George R.R. Martin Talks Death In Ficition
Death is meant to be a powerful storytelling tool in fiction. As it can sometimes come out of nowhere, and rock people. Yet in some mediums, death doesn’t mean “gone forever”. In last nights Game of Thrones, a key character was resurrected. George R.R. Martin, the creator of Game of Thrones, is kind of infamous for the number of characters he kills, but he also has a solid notion about resurrection, as an old interview reveals:
“I do think that if you’re bringing a character back, that a character has gone through death, that’s a transformative experience. Even back in those days of Wonder Man and all that, I loved the fact that he died, and although I liked the character in later years, I wasn’t so thrilled when he came back because that sort of undid the power of it,” Martin said, referring to a comic book story where Wonder Man nobly chose to die rather than betray the Avengers, only for him to be brought back to life years later.

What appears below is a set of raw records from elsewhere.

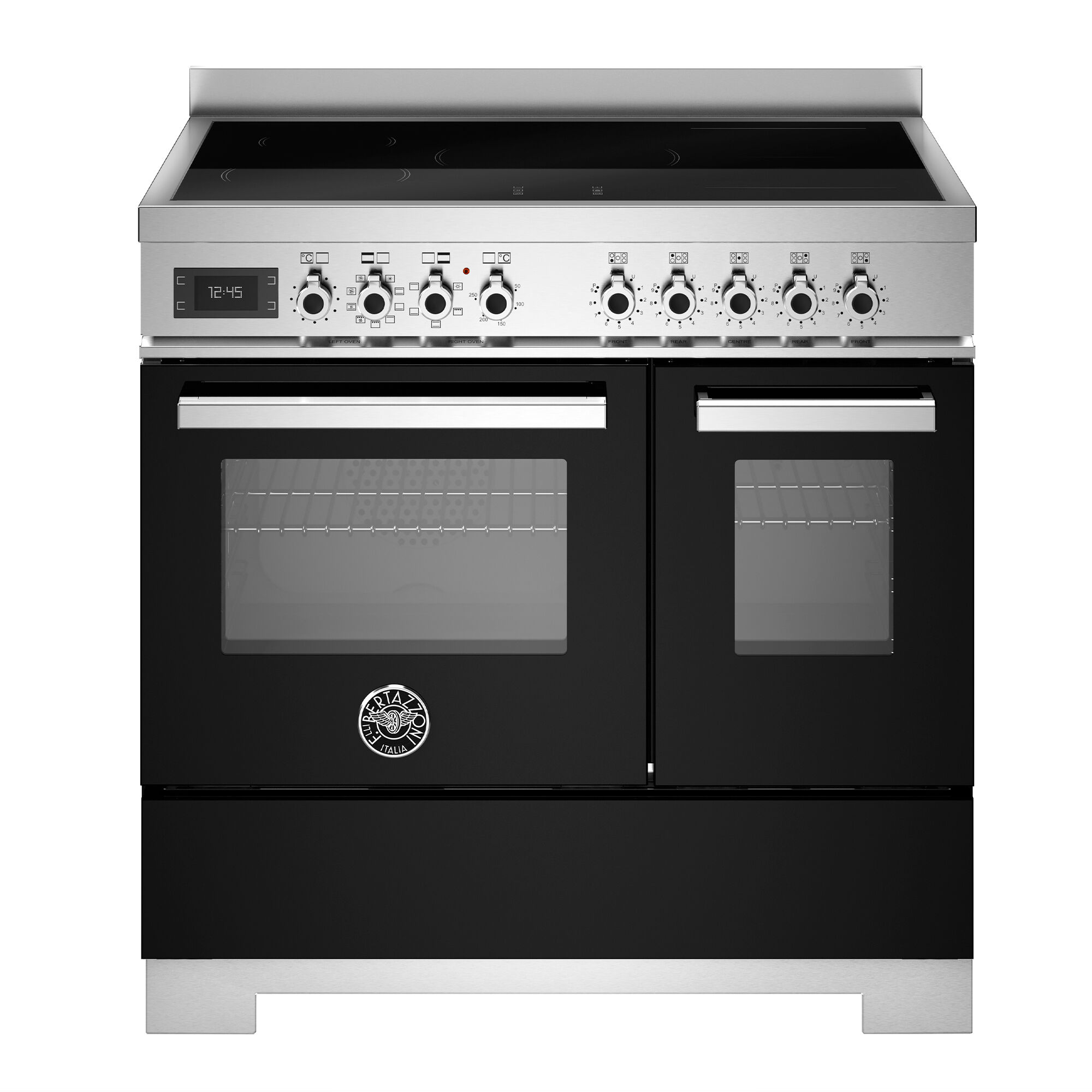 Bertazzoni PRO95I2ENET2 Professional induktionskomfur 90 cm med 5 zoner og 2 ovne, sort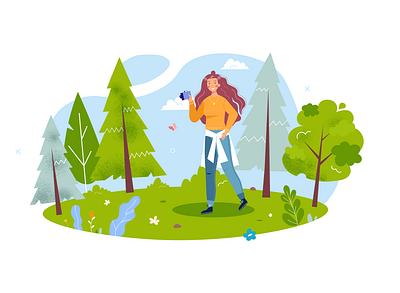 Nature Walk adobe illustrator cartoon character character design cute female character flat design illustration nature vector walk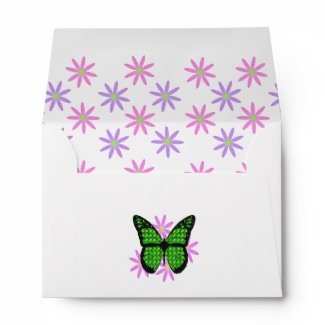 Spring Flowers & Butterfly Envelope envelope
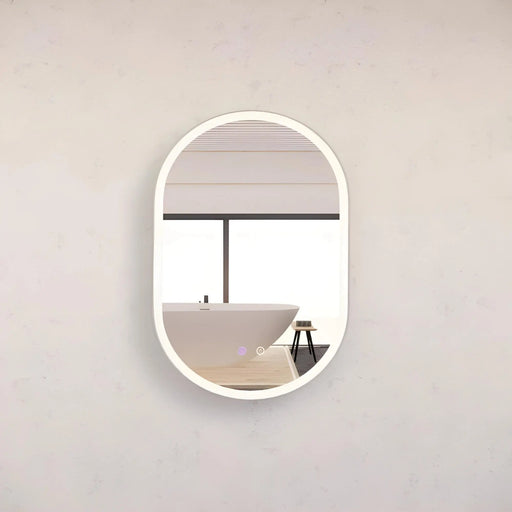 RIVA O1 FRAMED OVAL LED MIRROR 3 COLOUR LIGHTS BRUSHED NICKEL 600X900MM - FIL Kitchen Bathroom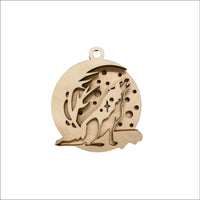 Wolf 3D Laser Cut Ornament – Baltic Birch Wood Craft Supplies | DIY Wood Ornament Kit AN28 - The Wood Shape Store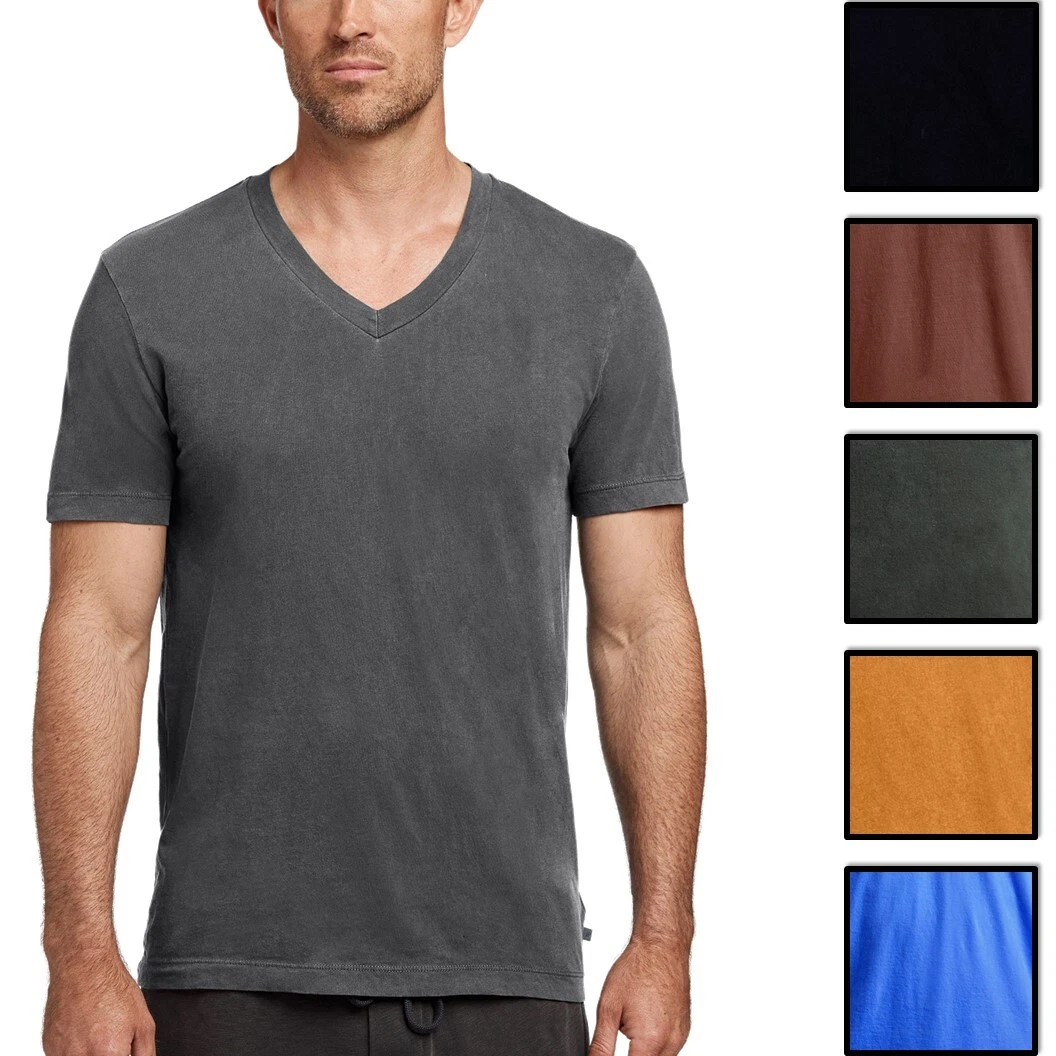 James Perse Men's Lightweight Soft Cotton Relaxed Fit V-Neck Tee T-Shirt.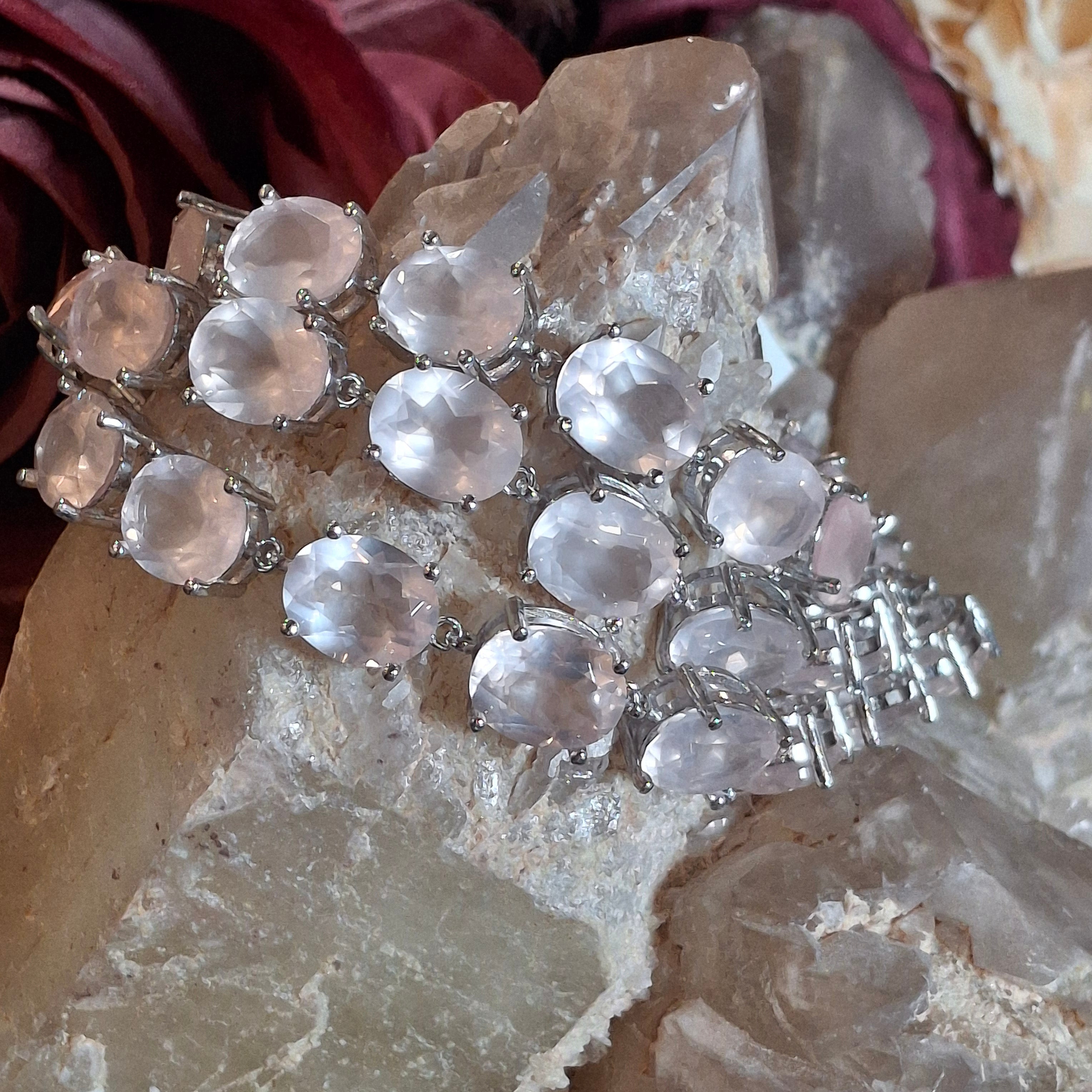 Enchanting Gems Rose Quartz Faceted Bracelet .925 Silver for Compassion, Love and Healing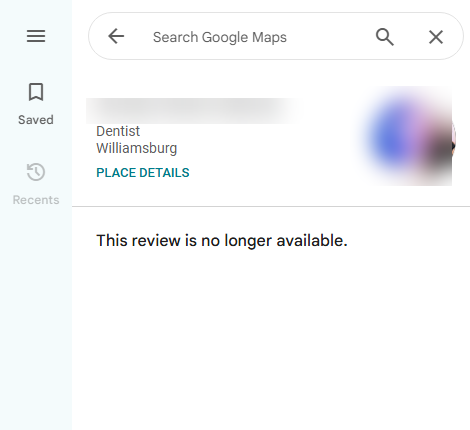 Review no longer available after removal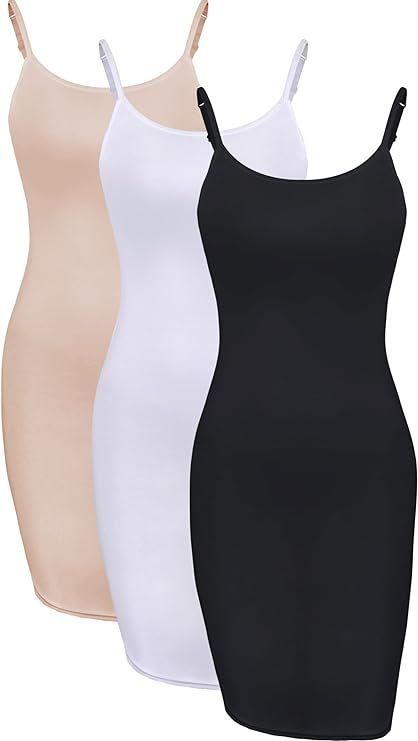 WILLBOND 3 Pieces Basic Cami Women Long Tanks Top Dress with Strap, Solid Color | Amazon (US)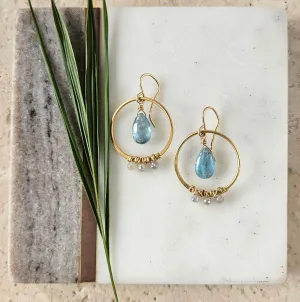 Golden Hoop earrings with Diamonds
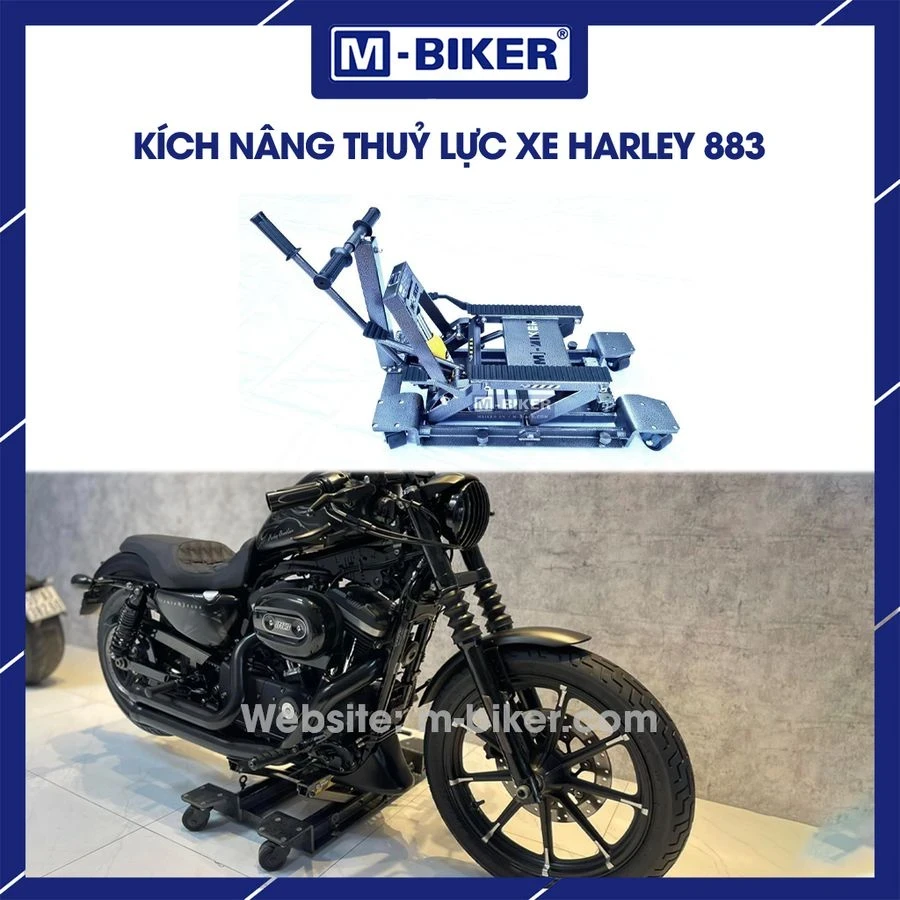 Ben nâng xe touring nặng M-Biker: ma trận tải trọng và điểm đặt gầm 5 Ben nâng xe touring nặng M-Biker bằng thép chịu lực đang đỡ một chiếc mô tô phân khối lớn trong gara chuyên nghiệp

Much as I admire Tolkien, I once again always felt like Gandalf should have stayed dead. That was such an incredible sequence in Fellowship of the Ring when he faces the Balrog on the Khazad-dûm and he falls into the gulf, and his last words are, ‘Fly, you fools.’ What power that had, how that grabbed me. And then he comes back as Gandalf the White, and if anything he’s sort of improved. I never liked Gandalf the White as much as Gandalf the Grey, and I never liked him coming back. I think it would have been an even stronger story if Tolkien had left him dead,” Martin said.
He goes no to note that resurrection for him has a cost in Game of Thrones:
“My characters who come back from death are worse for wear. In some ways, they’re not even the same characters anymore. The body may be moving, but some aspect of the spirit is changed or transformed, and they’ve lost something,” Martin said.